Your instructions: All lines below starting at the one that holds "Silky Boxy Button-back top" and ending at the one that holds "Banknote, Switzerland, 50" should be printed exactly, ends included. Pictures should not be printed, nor anything else.

Supplied entries:
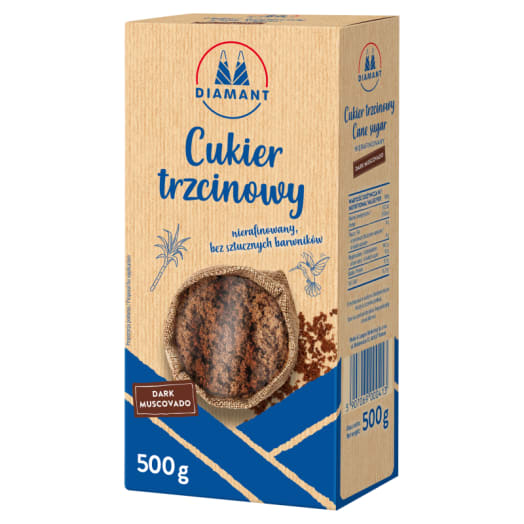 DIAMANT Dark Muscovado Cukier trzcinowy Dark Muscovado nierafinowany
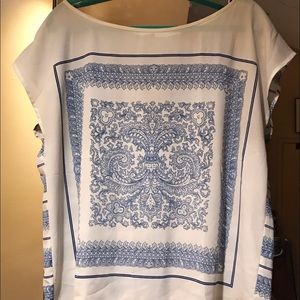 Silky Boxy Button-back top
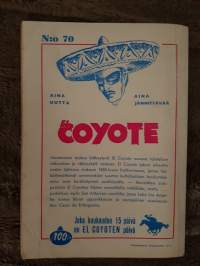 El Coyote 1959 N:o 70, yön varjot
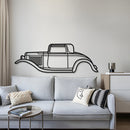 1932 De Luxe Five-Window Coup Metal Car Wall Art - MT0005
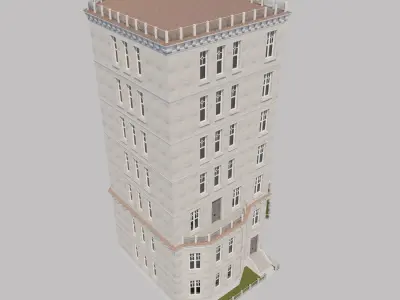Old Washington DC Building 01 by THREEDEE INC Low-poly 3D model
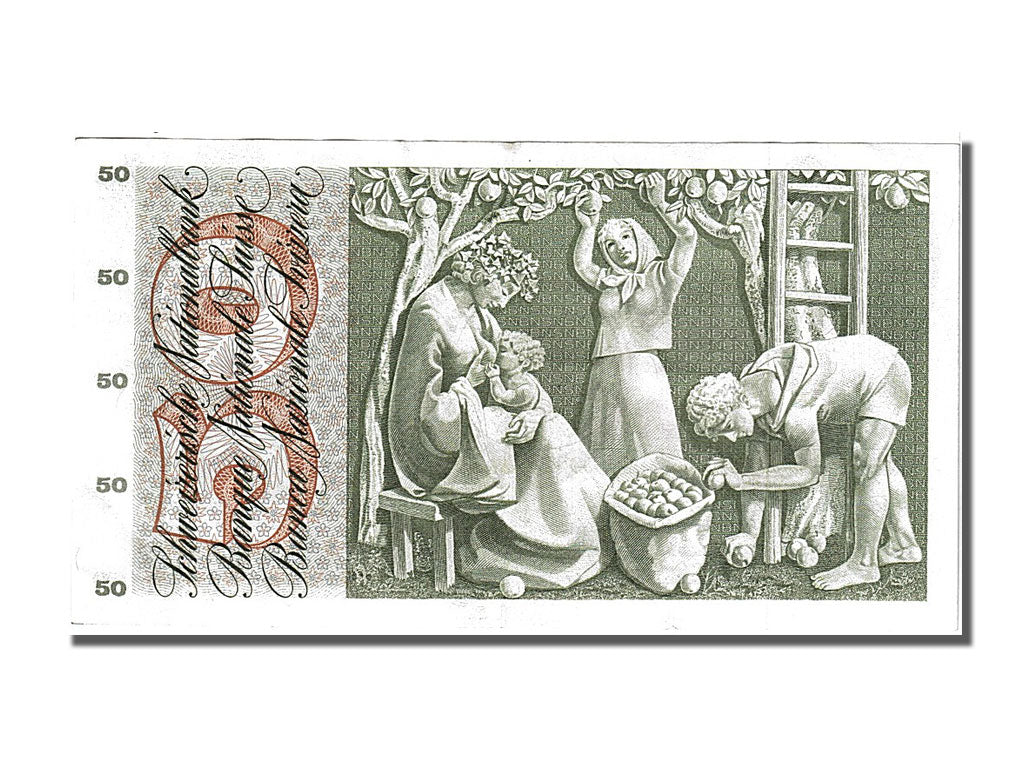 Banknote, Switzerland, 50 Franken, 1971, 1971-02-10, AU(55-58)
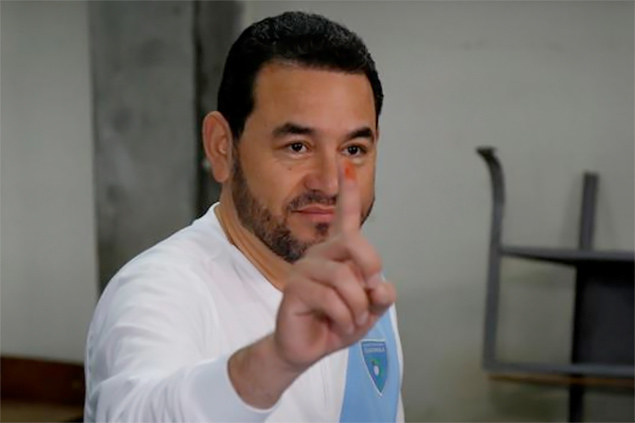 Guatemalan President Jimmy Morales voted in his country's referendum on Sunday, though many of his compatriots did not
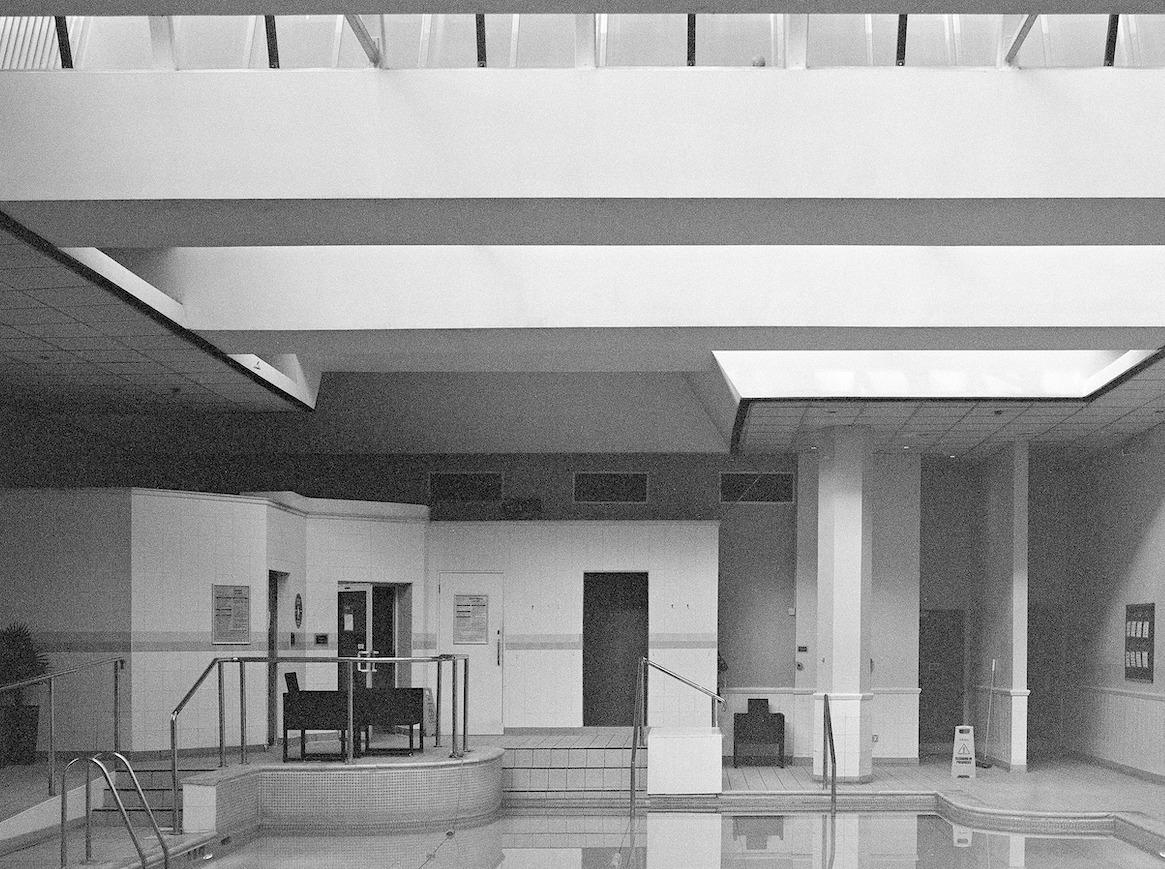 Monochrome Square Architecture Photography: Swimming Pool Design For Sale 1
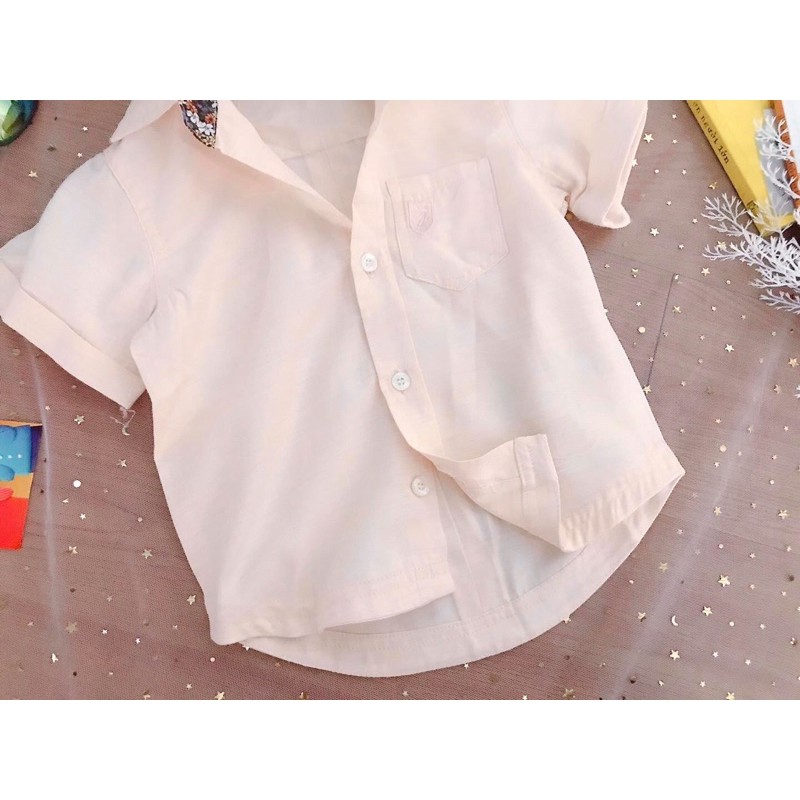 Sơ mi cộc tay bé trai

Response:
 Silky Boxy Button-back top
 El Coyote 1959 N:o 70, yön varjot
 1932 De Luxe Five-Window Coup Metal Car Wall Art - MT0005
Old Washington DC Building 01 by THREEDEE INC Low-poly 3D model
 Banknote, Switzerland, 50 Franken, 1971, 1971-02-10, AU(55-58)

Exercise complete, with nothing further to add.